Thursday, May 14, 2015

Turki dan Saudi Pasang Badan Dukung Kelompok “Garis Keras” Suriah

                                  Ilustrasi Mujahidin Suriah
Turki dan Arab Saudi secara aktif menyatakan mendukung koalisi “garis keras” dari gerilyawan untuk menggulingkan rezim Bashar al-Assad yang termasuk didalamnya kelompok afiliasi al-Qaeda di Suriah,dan langkah ini membuat pemerintah Barat khawatir.
Kedua negara memfokuskan dukungan mereka untuk pejuang Suriah kelompok Jaish al-Fatah, atau The Army of Conquers, kelompok ini merupakan struktur komando untuk kelompok jihad di Suriah yang mencakup Jabhat al-Nusra.
Keputusan oleh dua negara ini untuk kembali mendukung kelompok di mana al-Nusra memainkan peran utama telah memunculkan kekhawatiran pemerintah Barat, karena bertentangan dengan AS, yang dengan tegas menentang mempersenjatai dan mendanai “ekstremis jihad” yang berperang di perang Suriah.

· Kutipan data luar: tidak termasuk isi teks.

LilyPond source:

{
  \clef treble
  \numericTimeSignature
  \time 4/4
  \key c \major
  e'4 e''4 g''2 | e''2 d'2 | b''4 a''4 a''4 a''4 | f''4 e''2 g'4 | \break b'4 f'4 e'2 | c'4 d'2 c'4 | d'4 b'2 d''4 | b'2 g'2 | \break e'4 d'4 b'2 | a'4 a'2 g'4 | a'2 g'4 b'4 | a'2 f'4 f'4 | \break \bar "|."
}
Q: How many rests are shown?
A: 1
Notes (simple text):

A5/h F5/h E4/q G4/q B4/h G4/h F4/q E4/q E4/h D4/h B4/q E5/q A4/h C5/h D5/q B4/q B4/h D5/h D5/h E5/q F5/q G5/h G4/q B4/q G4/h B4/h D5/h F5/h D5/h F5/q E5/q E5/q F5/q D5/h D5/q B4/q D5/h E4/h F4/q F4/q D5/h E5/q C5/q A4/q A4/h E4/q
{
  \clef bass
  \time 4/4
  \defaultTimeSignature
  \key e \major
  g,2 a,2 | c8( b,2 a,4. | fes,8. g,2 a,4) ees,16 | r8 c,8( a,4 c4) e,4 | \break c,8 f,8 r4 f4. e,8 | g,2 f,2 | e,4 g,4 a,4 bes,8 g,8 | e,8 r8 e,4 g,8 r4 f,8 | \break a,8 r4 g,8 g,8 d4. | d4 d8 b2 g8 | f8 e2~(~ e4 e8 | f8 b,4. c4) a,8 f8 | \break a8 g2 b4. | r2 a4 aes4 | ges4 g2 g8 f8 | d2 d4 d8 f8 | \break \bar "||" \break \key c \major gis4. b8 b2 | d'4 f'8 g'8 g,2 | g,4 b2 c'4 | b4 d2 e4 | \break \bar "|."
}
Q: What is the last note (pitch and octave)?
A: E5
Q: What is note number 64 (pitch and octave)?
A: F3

Ini mengancam upaya Washington sendiri untuk melatih pejuang oposisi pro-Barat, yang diumumkan oleh Presiden Barack Obama tahun lalu, namun baru benar-benar dilaksanakan minggu lalu. Permasalahannya jumlah pejuang pro Barat yang terlibat program kecil dan, yang terpenting, Departemen Luar Negeri menegaskan bahwa mereka akan lebih difokuskan untuk melawan Isis daripada melawan rezim.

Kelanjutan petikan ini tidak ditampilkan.